We will see how it goes. But a praise: today, I really felt like I was trusting the Lord to provide a house for us instead of freaking out that the house we like will be snatched up. I even prayed throughout the day when I felt myself getting overly excited for the Lord to remind me of His sovereignty and goodness. This morning, I felt reassured by this verse in Ephesians: “And now to him who is able to do far more abundantly than all we ask or imagine, according to the power that is at work within us, to him be glory in the church and in Christ Jesus throughout all generations, forever and ever. Amen.”

To God be the glory because I am nothing without Him.

Sad day in the neighborhood

28 Jan

I know that God is sovereign and good. He is able and willing to provide for His children and He does provide. So I’m trying to not be too upset.

But Travis and I balanced our budget the other night, refiguring how much money we need for all of our different categories so that we can start putting $500 in savings every month for buying a house. As we looked at the budget, we started to realize that maybe buying a house this spring/summer isn’t possible for us. Well, it’s possible if we don’t want to put much or any down and we want a higher interest rate on our mortgage (turns out my credit might not be so hot because of stupid mistakes I made in college). We might just have to move into another apartment in Arvada/Wheat Ridge. At least that way, we would be closer to work and our friends, even if it’s still not a permanent residence.

Adding insult to injury, Travis found out this morning that our car loan was denied. “What?!?!?” I said. The guy at the bank did NOT say that this happening was even a possibility. He said that we had been approved for “x” at y% for a 2000 or older and approved for “z” at q% for a 2001 or newer. We were buying a 2001 so we thought we were good to go. Nope! I guess the bank sends some paperwork to someone else saying “We’re going to give these people this much money. Okay?” To which those people said, “NOT okay!” Travis said that the guy at the bank resubmitted the loan request, trying to appeal the denial. We find out this afternoon what happens.

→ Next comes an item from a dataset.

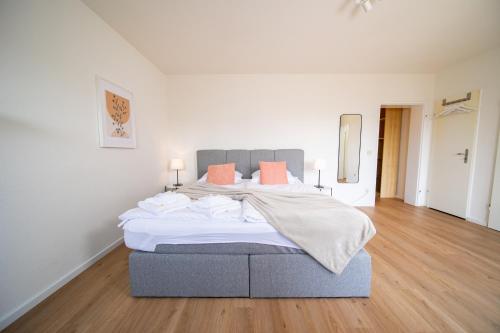 um quarto com uma cama grande e almofadas laranja em Apartment - Central with kitchen - Balcony - Fair em Neuss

God is sovereign and if He wants us to get this car, we will get it–of that I am sure. And if we don’t get the car, I have to trust that God knows what He is doing by not letting us have a car. He’s working something out and it is positively for our good and joy in Him. It just makes me a little frustrated at myself because I’M the reason why we’re having this trouble. I paid my car loan late just one time but it’s still a “discrepancy” in the eyes of the lenders. And since the car we want to buy is “borderline,” meaning it is right on the cutoff between the loan rates and amounts, the lenders denied it.

I’m praying every minute that God is delighting to give us the Pathfinder… it would be so amazing to have 2 cars again!